- [INSTRUCTIONS TO FOLLOW]: From the material below, set down exactly the lines that run from the one containing "THC TUBE. T-Shirt" to the one containing "3M Futuro Comfort Lift Knee Support, Medium", minus the pictures.

- [THE DATA]:
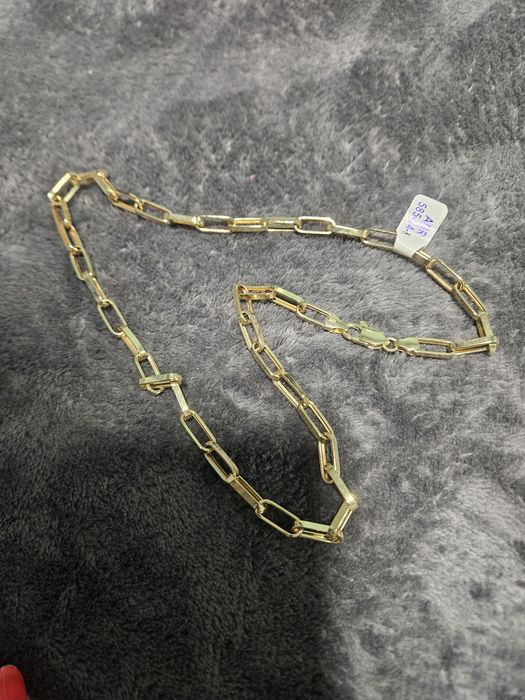 Vând lanț nou bărbătesc,19.07 gr,aur 14 k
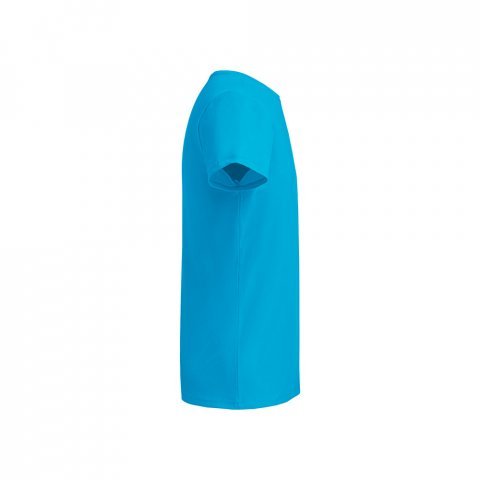 THC TUBE. T-Shirt (190g/m&sup2;) aus Polyester (90%) - Wasserblau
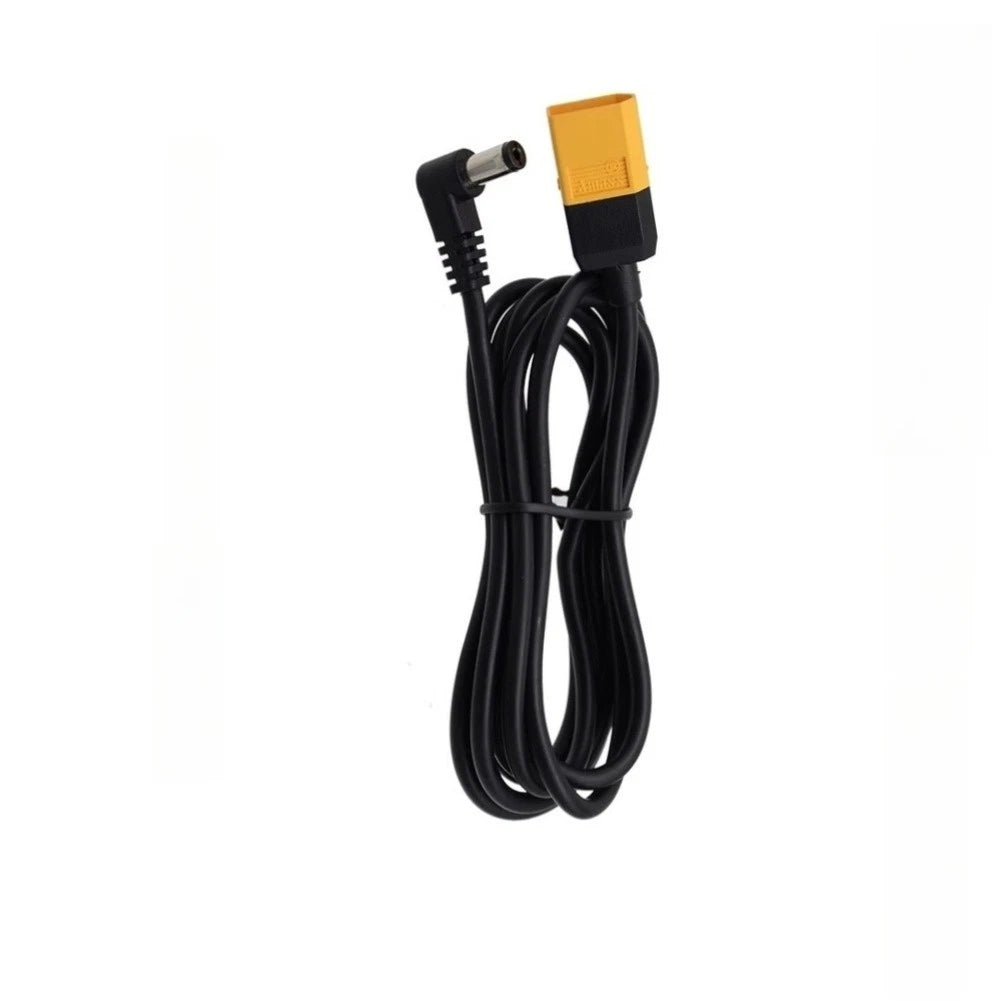 FPV Power Cable XT60 Male to DC5.5 Female 1.2m for Skyzone DJI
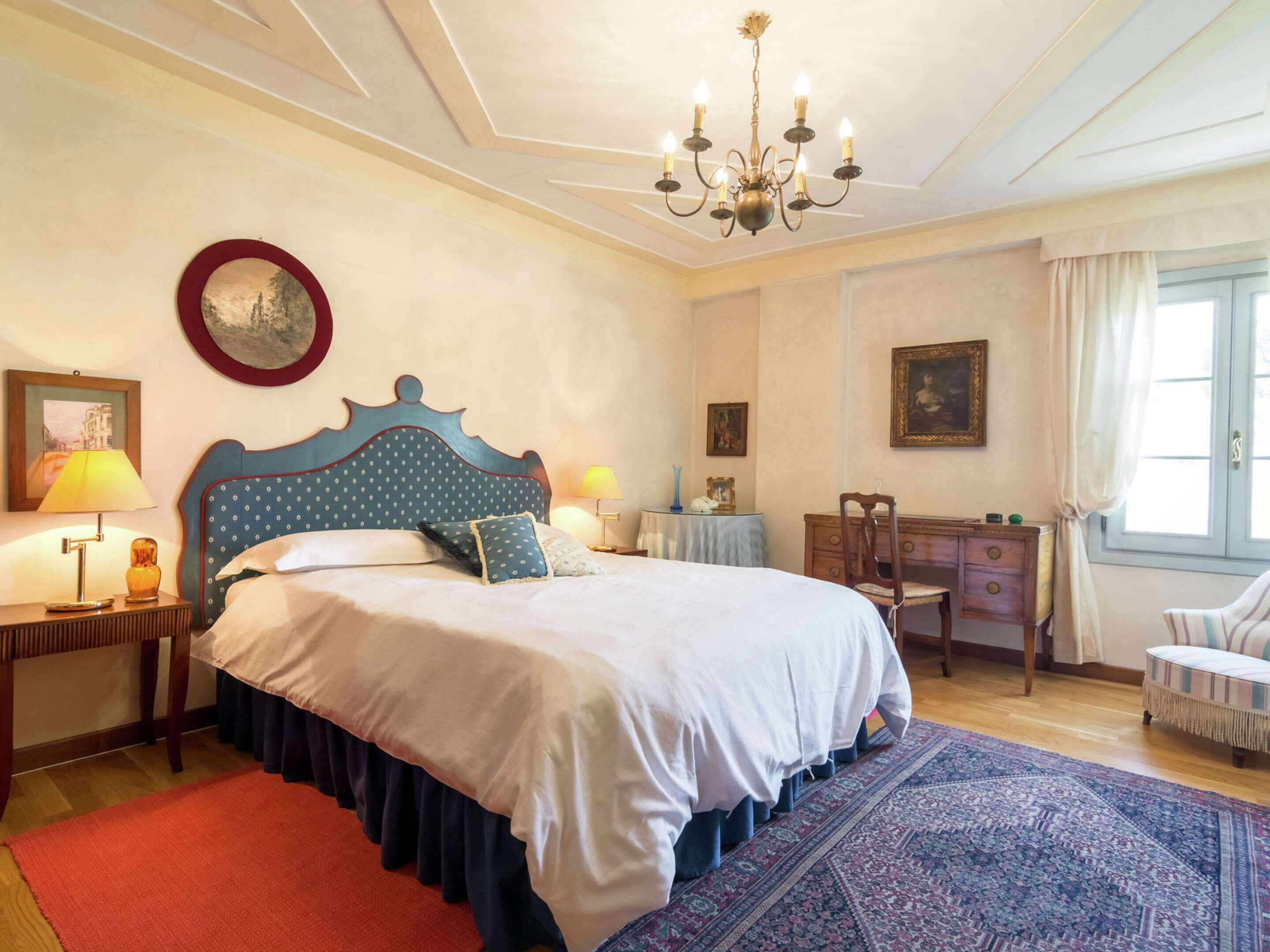 House | 4 bedrooms, individually furnished, bed sheets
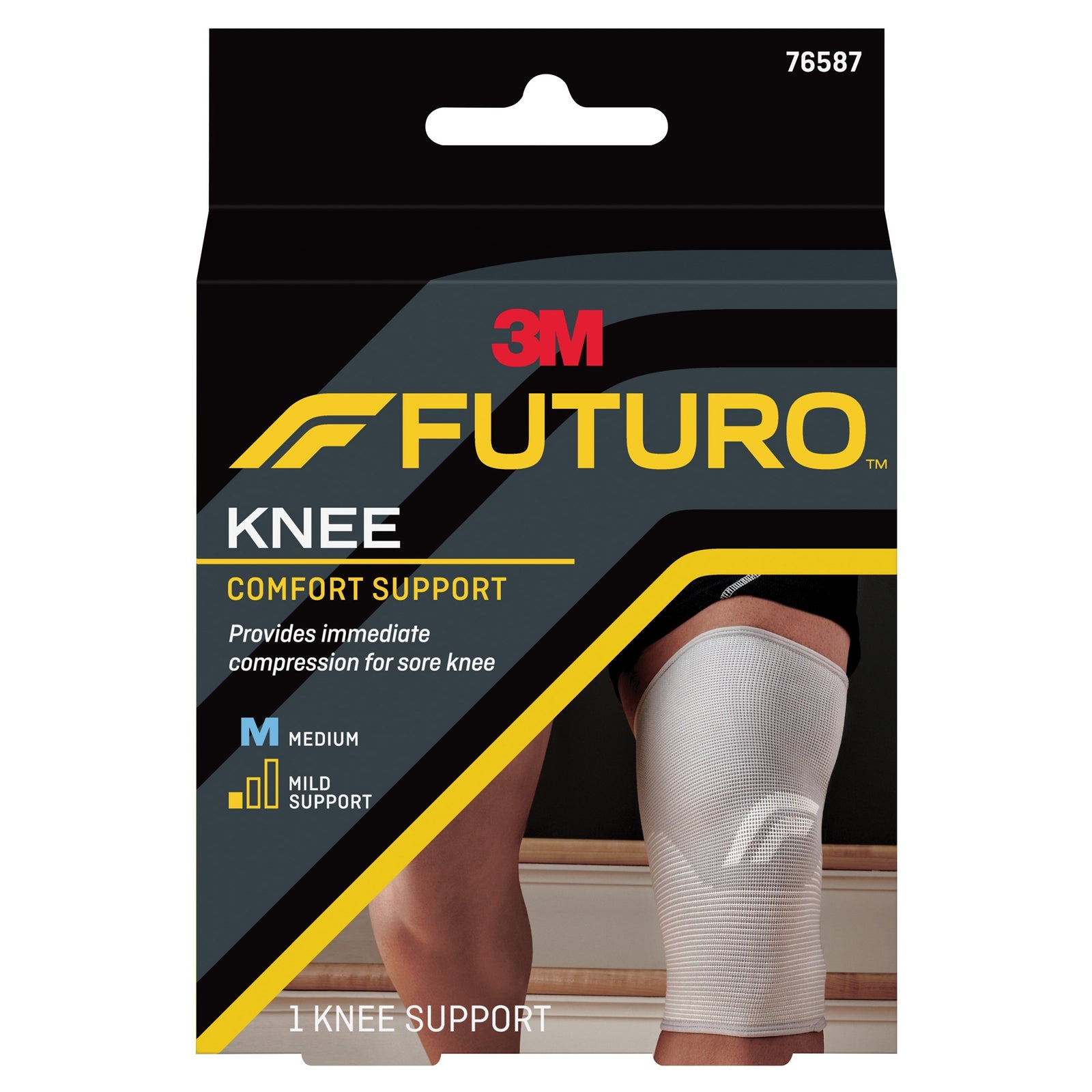 3M Futuro Comfort Lift Knee Support, Medium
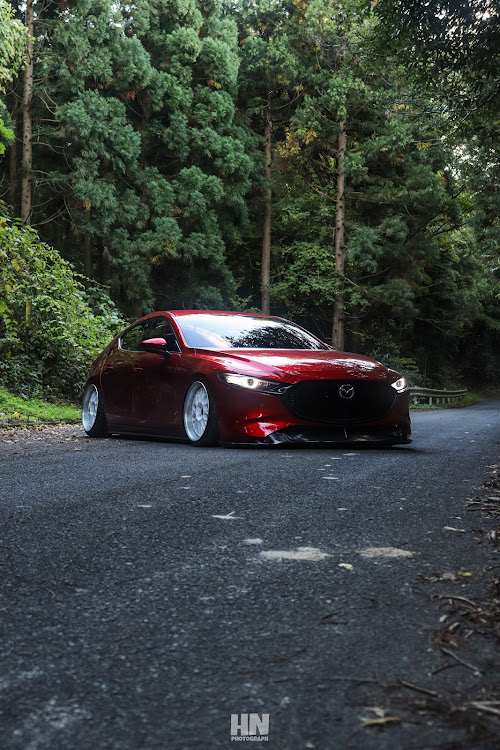 MAZDA3のドライブ・VS-XXに関するカスタム事例の投稿画像1枚目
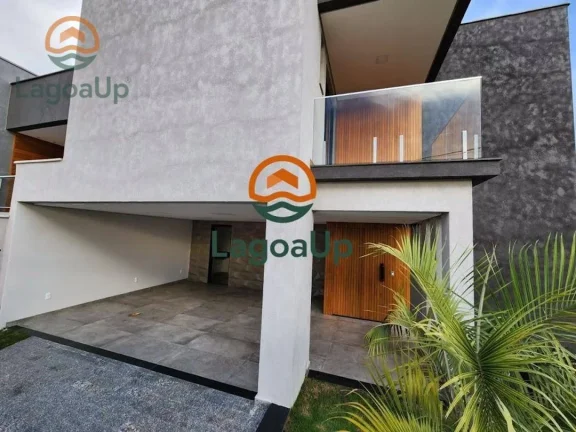 Imagem Casa com 3 dormitórios à venda, 192 m² por R$ 1.380.000,00 - Jardim Imperial - Lagoa Santa/MG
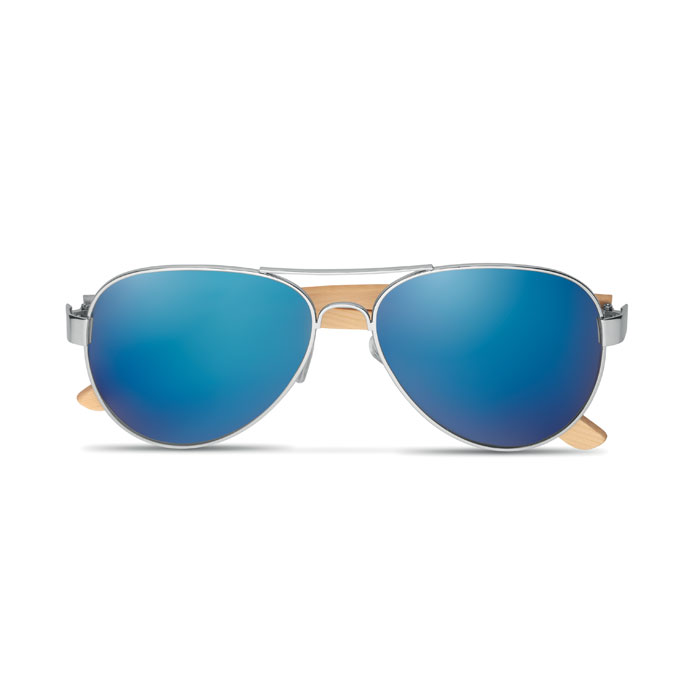 HONIARA Gafas de sol de bambú en bolsa - Verano - Regalo Promocional Personalizado - imagen 9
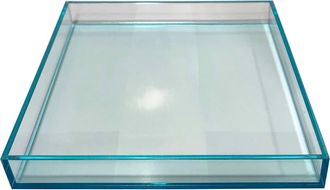 R16 Home Square Lucite Tray in Teal at Nordstrom Rack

- [ANSWER BOX]:
 THC TUBE. T-Shirt (190g/m&sup2;) aus Polyester (90%) - Wasserblau
 FPV Power Cable XT60 Male to DC5.5 Female 1.2m for Skyzone DJI
 House | 4 bedrooms, individually furnished, bed sheets
 3M Futuro Comfort Lift Knee Support, Medium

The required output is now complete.